Many errors are those which OCR has mis-spelt, such as di for th. Thus die/the, dian/than.
These will be marked and obvious. (Unless this produces a properly spelt word!!)
These will be not marked or obvious, such as Mr Home/Mr Horne, which will be found during proof reading.
There will be many, maybe dozens or hundreds of the same error. These can be corrected by using "Find and replace' one must ensure that this is used in conjunction with "Whole words only' and “Match Case.”
Otherwise you will produce an equal number of errors which will not be high-lighted and must be searched for individually.
I believe that many errors which are blamed on the OCR program are really due to the quality of the source book.

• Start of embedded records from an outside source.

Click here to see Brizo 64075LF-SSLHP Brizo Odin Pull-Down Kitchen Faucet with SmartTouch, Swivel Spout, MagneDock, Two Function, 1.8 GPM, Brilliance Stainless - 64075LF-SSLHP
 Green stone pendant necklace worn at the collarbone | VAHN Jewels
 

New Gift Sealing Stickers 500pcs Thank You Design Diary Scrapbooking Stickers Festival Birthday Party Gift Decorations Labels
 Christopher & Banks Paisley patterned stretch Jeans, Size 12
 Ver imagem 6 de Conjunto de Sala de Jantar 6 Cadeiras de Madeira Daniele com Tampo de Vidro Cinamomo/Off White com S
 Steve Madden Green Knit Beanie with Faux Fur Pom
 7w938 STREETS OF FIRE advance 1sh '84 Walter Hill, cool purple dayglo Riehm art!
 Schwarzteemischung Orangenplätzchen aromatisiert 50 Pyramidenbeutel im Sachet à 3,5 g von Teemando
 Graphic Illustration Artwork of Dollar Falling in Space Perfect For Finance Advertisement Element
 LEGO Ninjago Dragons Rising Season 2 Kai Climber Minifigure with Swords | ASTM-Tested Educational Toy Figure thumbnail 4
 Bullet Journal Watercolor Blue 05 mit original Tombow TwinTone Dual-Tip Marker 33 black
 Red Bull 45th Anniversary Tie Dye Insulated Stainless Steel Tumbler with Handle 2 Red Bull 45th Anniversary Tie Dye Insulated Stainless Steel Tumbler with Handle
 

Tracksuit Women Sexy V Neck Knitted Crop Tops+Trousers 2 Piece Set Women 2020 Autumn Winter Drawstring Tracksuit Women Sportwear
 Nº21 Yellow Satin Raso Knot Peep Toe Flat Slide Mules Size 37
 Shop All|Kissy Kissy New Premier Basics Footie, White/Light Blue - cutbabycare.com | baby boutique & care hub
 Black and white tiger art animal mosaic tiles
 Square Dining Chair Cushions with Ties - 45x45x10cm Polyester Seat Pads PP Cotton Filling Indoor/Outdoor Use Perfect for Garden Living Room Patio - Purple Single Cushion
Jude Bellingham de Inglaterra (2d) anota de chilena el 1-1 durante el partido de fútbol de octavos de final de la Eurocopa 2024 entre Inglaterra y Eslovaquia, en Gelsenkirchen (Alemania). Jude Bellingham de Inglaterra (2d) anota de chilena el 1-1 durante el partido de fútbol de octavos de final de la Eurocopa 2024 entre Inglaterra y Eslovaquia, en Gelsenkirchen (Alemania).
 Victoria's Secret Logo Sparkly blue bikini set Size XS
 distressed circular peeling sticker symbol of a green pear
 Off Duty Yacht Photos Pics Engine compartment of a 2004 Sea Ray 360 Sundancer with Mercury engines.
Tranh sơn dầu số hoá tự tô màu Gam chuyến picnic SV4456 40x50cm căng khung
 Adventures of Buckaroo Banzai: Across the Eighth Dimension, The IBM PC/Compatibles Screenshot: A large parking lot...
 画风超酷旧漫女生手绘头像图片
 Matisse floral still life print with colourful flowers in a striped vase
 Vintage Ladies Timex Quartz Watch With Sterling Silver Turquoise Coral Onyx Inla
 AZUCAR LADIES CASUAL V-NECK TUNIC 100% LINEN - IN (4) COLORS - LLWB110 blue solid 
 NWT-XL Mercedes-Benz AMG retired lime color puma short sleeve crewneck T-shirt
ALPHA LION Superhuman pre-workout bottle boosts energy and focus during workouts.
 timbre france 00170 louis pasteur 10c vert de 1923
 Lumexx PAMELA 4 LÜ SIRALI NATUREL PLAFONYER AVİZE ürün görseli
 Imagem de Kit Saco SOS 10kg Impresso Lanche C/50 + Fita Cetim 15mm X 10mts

The difference of result between my old books and my newer books is huge, which simplifies the editing processes.
I hope no one will take the idea that I am 'teaching the Vicar to suck eggs' But there appears to be many others, who, like me are starting out on this road to ebooks. I wouldn't want them to make the same errors as I.
Other errors:-
Open Office has an American/English dictionary as default, I have English/English books and live in an Australian/English world. The dictionary is the minimum of staple words and all other words not in the dictionary are marked as wrong.
I call up English/UK dictionary but it flips back to default.
A few of my books are reprints of American authors of the 30s, such as Damon Runyon, James Thurber, Ogden Nash, Anita Loos and many more. Many of the words used in the 30s don't appear in modern American dictionary nor do those in an English/English book.
A short story by Milt Gross written in the dialect of New York's East Side (Noo Yoik aw'reddy) would have about 40% of its content appear in any dictionary.
But I digress.
If you are satisfied that the 'errors' are actually proper words, they can be ignored. They have are of no consequence in the conversion to ePub, Mobi etc. (Check! Is this statement correct?)
Personally I have been loading my dictionaries with everything I can, this has proved to speed my work later on, especially when scanning a series of books. Fewer high-lighted words to linger on!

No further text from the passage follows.